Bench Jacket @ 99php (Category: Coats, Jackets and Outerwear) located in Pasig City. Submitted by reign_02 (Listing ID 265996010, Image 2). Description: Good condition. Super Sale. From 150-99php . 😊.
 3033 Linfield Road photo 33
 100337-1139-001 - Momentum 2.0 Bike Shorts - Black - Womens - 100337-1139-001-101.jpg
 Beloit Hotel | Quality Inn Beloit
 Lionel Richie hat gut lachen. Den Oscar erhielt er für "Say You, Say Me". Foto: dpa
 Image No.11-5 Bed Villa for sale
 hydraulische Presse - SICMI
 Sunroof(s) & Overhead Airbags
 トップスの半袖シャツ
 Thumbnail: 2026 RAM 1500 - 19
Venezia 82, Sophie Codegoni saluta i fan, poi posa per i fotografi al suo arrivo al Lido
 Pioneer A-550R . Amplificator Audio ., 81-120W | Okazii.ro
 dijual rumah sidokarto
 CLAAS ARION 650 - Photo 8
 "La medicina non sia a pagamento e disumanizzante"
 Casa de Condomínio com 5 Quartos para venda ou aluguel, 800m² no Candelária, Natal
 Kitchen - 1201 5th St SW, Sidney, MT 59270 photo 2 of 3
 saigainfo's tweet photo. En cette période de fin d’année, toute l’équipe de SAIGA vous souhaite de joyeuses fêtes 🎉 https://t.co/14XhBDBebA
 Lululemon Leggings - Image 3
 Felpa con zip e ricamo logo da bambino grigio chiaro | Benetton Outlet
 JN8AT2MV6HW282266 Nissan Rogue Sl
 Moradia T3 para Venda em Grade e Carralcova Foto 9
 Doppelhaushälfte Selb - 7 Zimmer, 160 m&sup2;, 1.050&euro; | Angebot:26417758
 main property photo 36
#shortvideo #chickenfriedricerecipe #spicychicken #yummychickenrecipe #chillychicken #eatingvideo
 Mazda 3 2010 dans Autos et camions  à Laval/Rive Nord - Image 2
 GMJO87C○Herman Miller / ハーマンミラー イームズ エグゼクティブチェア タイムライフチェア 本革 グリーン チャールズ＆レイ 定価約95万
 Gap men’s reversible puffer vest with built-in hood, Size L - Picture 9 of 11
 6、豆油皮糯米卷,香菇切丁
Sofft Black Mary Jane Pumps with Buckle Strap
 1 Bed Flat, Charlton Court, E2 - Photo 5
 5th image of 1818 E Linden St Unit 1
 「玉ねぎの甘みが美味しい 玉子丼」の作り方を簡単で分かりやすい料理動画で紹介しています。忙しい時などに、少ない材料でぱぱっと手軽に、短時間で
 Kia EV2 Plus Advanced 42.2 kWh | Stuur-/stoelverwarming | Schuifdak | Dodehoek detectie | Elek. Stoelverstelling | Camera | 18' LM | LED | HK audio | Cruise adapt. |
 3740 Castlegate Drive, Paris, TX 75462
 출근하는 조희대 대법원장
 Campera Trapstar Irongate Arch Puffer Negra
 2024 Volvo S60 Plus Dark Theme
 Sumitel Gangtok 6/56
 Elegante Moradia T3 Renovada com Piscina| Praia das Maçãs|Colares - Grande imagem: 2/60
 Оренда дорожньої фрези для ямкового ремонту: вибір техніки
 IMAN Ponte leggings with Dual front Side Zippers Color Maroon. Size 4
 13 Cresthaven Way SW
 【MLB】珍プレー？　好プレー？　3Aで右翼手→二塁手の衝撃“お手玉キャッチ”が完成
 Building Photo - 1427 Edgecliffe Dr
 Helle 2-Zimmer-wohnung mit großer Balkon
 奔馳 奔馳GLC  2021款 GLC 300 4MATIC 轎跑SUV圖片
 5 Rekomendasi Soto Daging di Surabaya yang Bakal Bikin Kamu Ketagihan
━━━━━━
What to produce
Using the listing above, copy exactly the line that contains "Casa de Condomínio", the line that contains "Mazda 3 2010", and each line that falls between them.

Solution to this problem
 Casa de Condomínio com 5 Quartos para venda ou aluguel, 800m² no Candelária, Natal
 Kitchen - 1201 5th St SW, Sidney, MT 59270 photo 2 of 3
 saigainfo's tweet photo. En cette période de fin d’année, toute l’équipe de SAIGA vous souhaite de joyeuses fêtes 🎉 https://t.co/14XhBDBebA
 Lululemon Leggings - Image 3
 Felpa con zip e ricamo logo da bambino grigio chiaro | Benetton Outlet
 JN8AT2MV6HW282266 Nissan Rogue Sl
 Moradia T3 para Venda em Grade e Carralcova Foto 9
 Doppelhaushälfte Selb - 7 Zimmer, 160 m&sup2;, 1.050&euro; | Angebot:26417758
 main property photo 36
#shortvideo #chickenfriedricerecipe #spicychicken #yummychickenrecipe #chillychicken #eatingvideo
 Mazda 3 2010 dans Autos et camions  à Laval/Rive Nord - Image 2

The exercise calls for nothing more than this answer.